Het onderzoek gedaan naar de mogelijkheden om een partij pootgoed waarin zich (latent) geïnfecteerde knollen bevinden met middelen te behandelen biedt vooralsnog weinig of geen perspectief. De knolbehandeling zou één of enkele bespuiting in groeiseizoen moeten besparen. Dit blijkt echter niet het geval te zijn.

Daarentegen gaf de proef met de eerste drie bespuitingen vroeg in het groeiseizoen meer duidelijkheid. Van de toegelaten fungiciden gaf Curzate M de beste onderdrukking van ziektedruk vanuit de knol. Wat opviel was dat de planten in blok 1 gespoten met niet-toegelaten metalaxyl-houdende middelen en vervolgens volgens praktijk met Shirlan nog steeds nagenoeg vrij van aantasting bleven. Hieruit blijkt dat de bespuiting in het eerste blok met metalaxyl-houdende middelen de aantasting vanuit de knol onderdrukt én invloed heeft op de rest van het groeiseizoen. Het kan zijn dat metalaxyl lang in de plant aanwezig blijft en zo bescherming geeft gedurende het gehele groeiseizoen of dat metalaxyl het veld "schoon" gemaakt heeft van Phytophthora en daardoor de druk laag is.

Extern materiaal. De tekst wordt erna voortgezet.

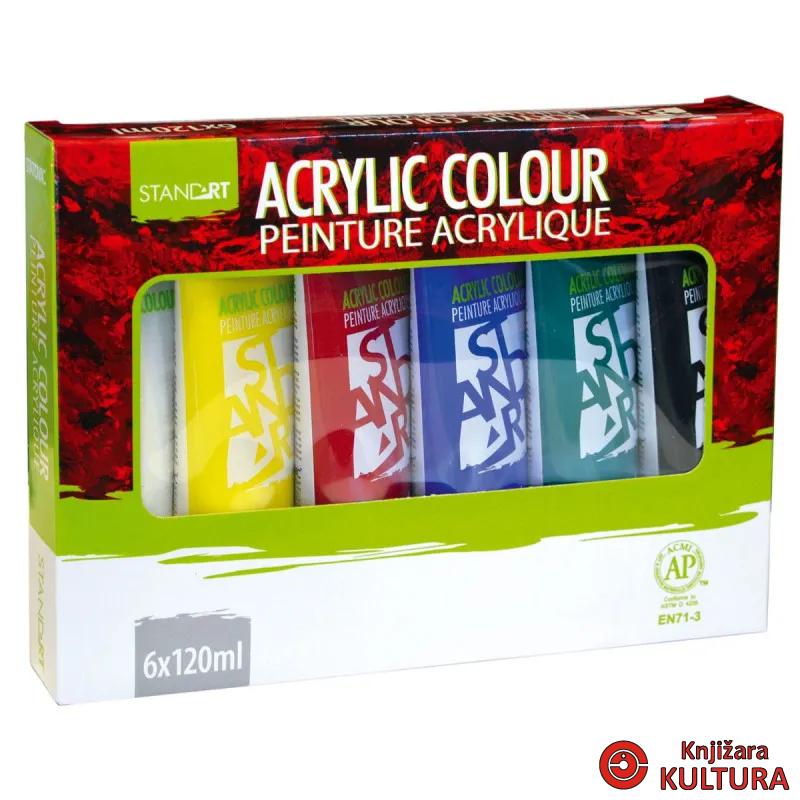 AKRILNA BOJA 6/1 120ml STANDARD 
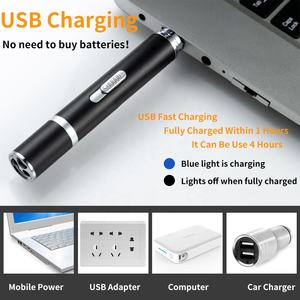 Pointeur laser 7-en-1 pour chat, jouet laser de projection, enclos de jeu pour chien et chaton, bâton de chasse et d'entraînement pour animaux de compagnie, recharge USB - Product Image 3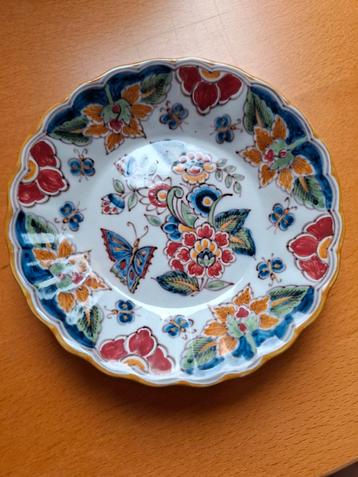 Makkum Wandbord Handbeschilderd Bloemmotief beschikbaar voor biedingen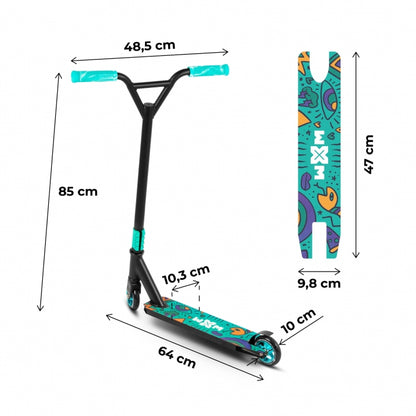Trotineta pentru cascadorii WXM WRS-CY1 - Turquoise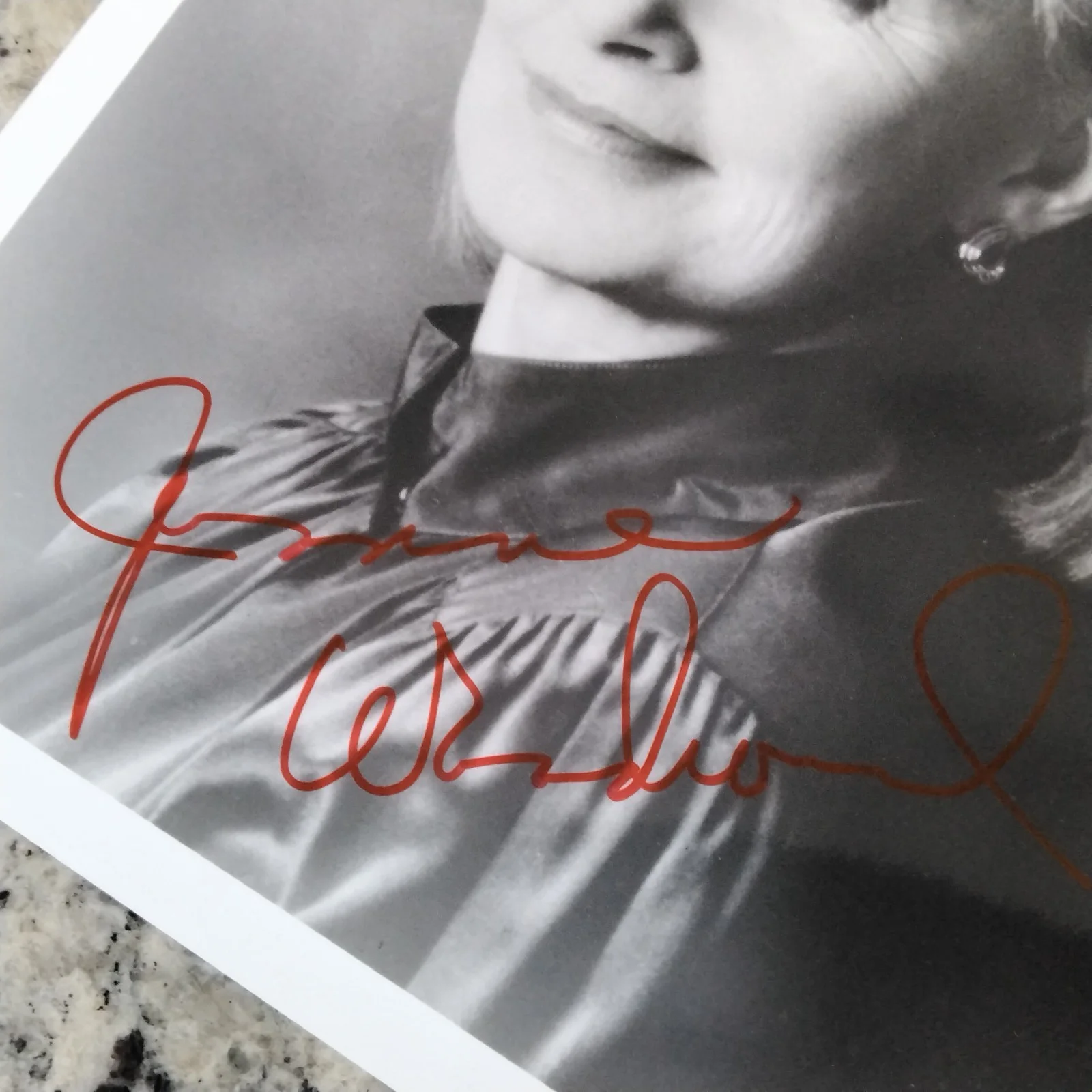 Joanne Woodward SIGNED Photo Movie TV Actress 3 Faces Eve Long Hot Summer Newman, изображение 4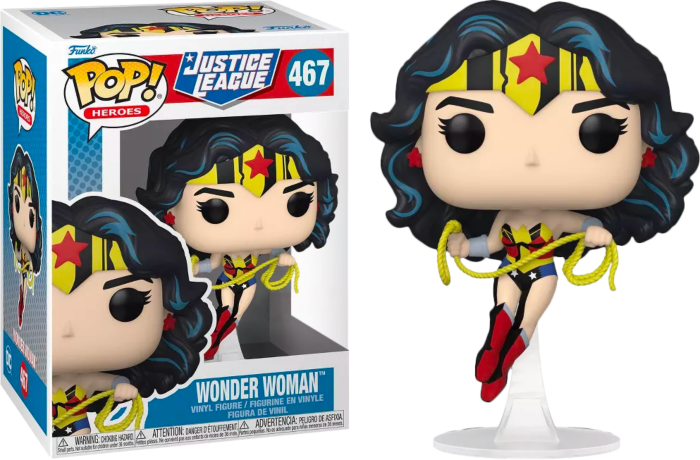 Funko Pop! Justice League - Wonder Woman #467 - The Amazing Collectables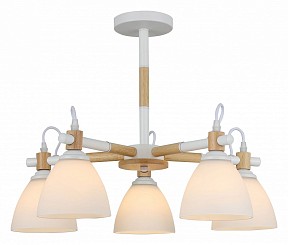 Люстра на штанге Rivoli Louise белый арт. Б0060983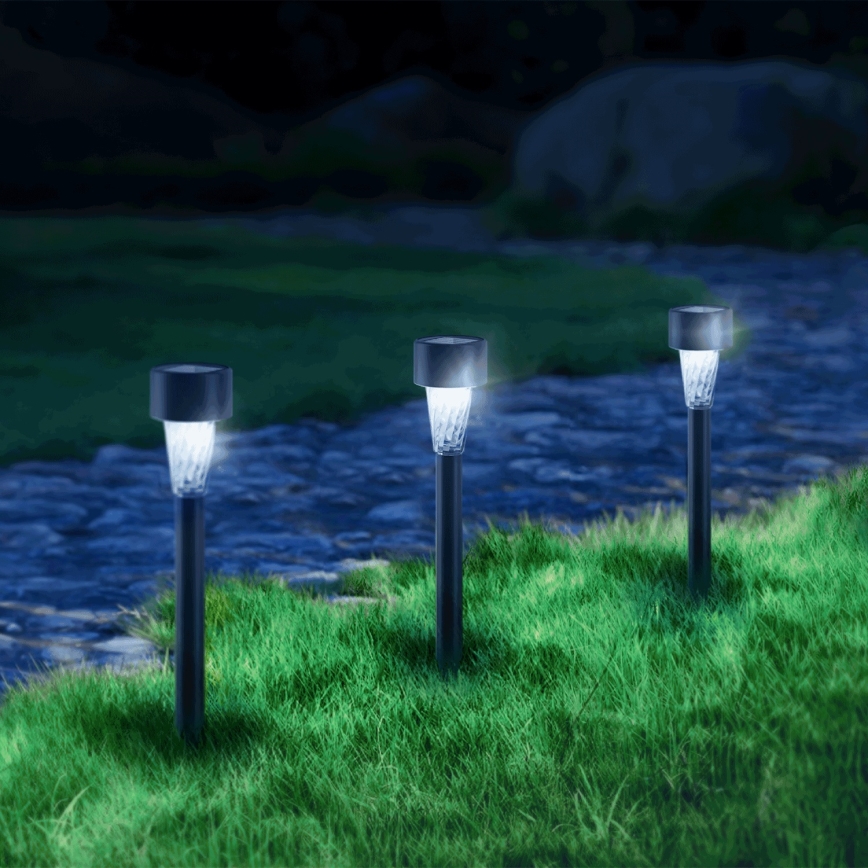 Aigostar - LED solárne svietidlo LED/2V IP44 40 mAh čierne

Als in het uitgangsmateriaal enkele knollen worden gevonden die zichtbaar geïnfecteerd zijn met Phytophthora is het aannemelijk dat er ook knollen zijn die latent (niet zichtbaar) geïnfecteerd zijn. Uit het onderzoek hierboven beschreven is naar voren gekomen dat Curzate M in de eerste drie bespuitingen een goede onderdrukking geeft van ziektedruk van uit de knol. Wanneer het uitgangsmateriaal vrij is van Phytophthora en wanneer de omstandigheden in blok 1 niet kritisch zijn voor Phytophthora.